Image-text web data >>
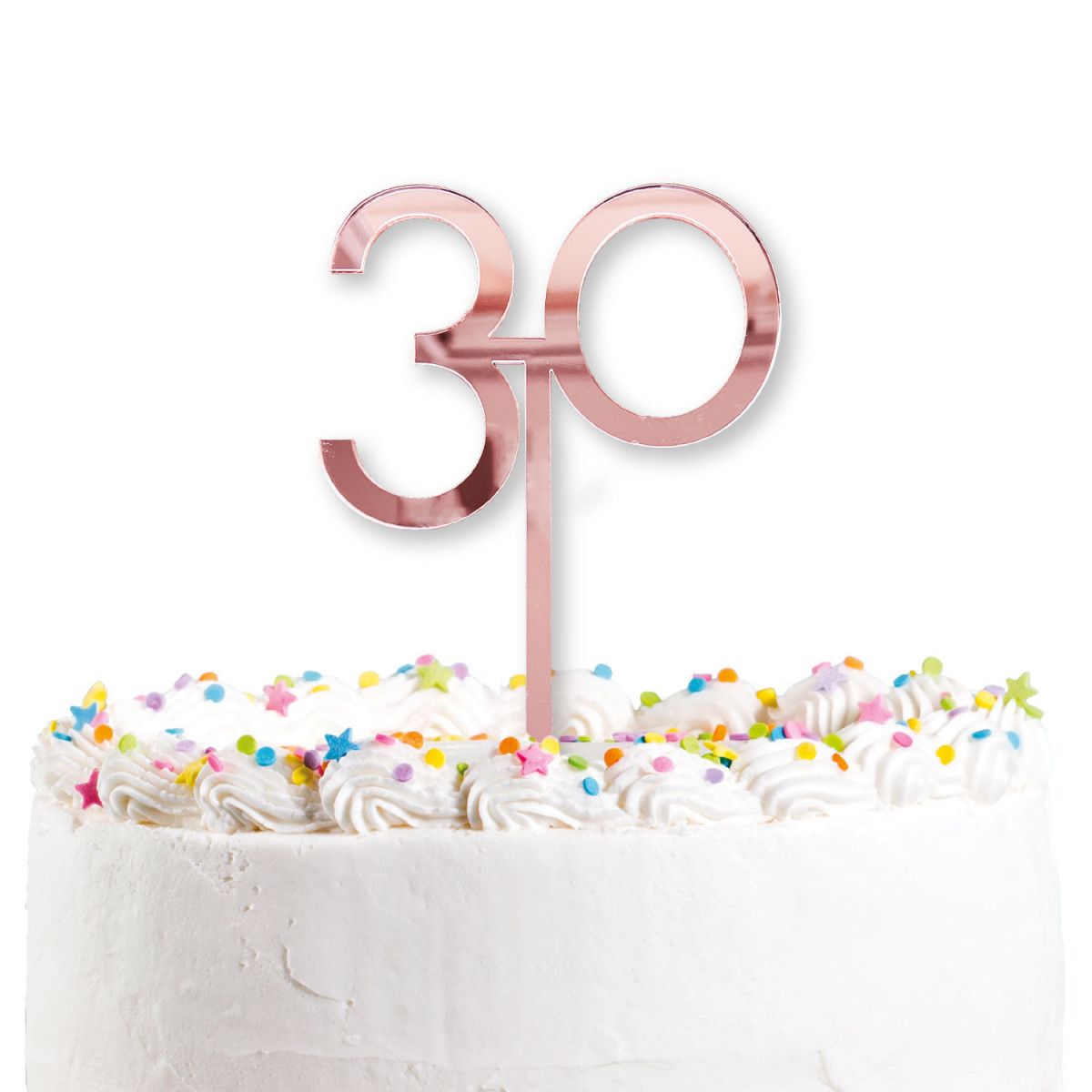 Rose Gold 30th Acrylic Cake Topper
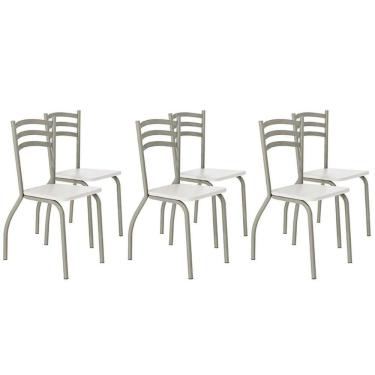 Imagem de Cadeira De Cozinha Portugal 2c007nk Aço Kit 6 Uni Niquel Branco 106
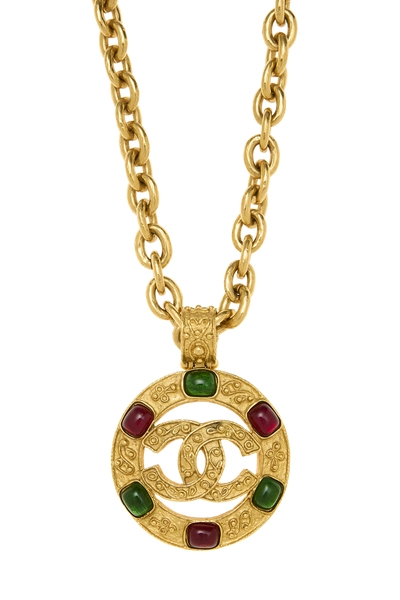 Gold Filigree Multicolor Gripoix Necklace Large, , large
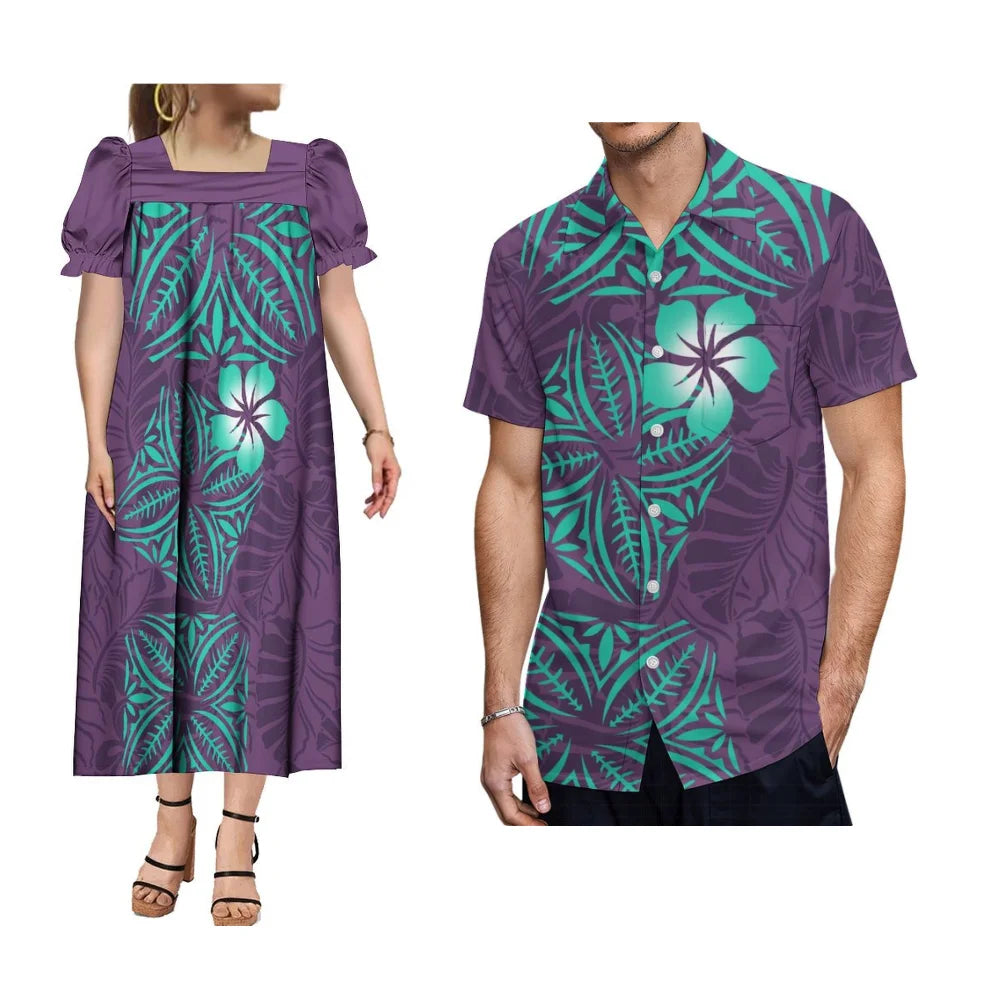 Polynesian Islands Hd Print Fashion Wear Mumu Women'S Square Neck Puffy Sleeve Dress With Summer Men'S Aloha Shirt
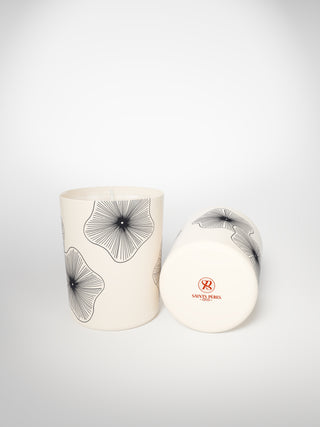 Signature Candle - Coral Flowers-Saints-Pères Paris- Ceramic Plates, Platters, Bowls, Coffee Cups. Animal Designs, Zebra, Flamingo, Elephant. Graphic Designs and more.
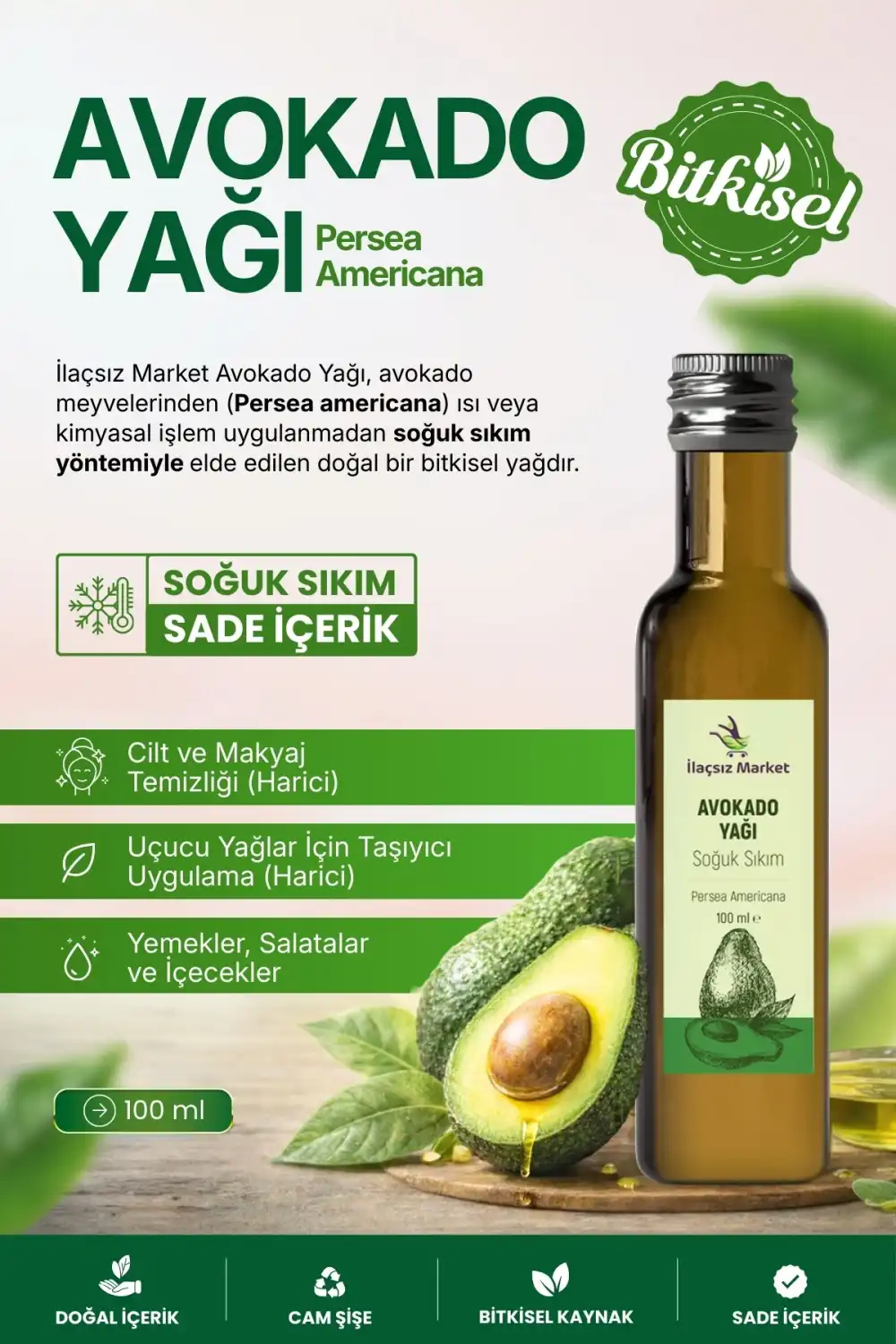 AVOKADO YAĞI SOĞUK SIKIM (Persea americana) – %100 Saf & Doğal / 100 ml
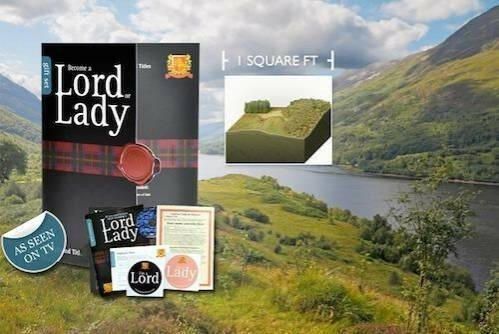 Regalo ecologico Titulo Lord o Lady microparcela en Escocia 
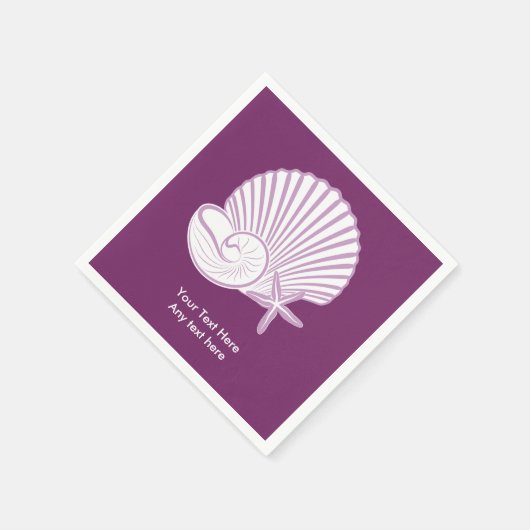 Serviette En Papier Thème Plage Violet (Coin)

Required action >>
Retype the lines starting with the one that holds "Signature Candle - Coral" and ending with the last line of the data above, both included; skip the pictures.

Completed task >>
 Signature Candle - Coral Flowers-Saints-Pères Paris- Ceramic Plates, Platters, Bowls, Coffee Cups. Animal Designs, Zebra, Flamingo, Elephant. Graphic Designs and more.
 AVOKADO YAĞI SOĞUK SIKIM (Persea americana) – %100 Saf & Doğal / 100 ml
 Regalo ecologico Titulo Lord o Lady microparcela en Escocia 
 Serviette En Papier Thème Plage Violet (Coin)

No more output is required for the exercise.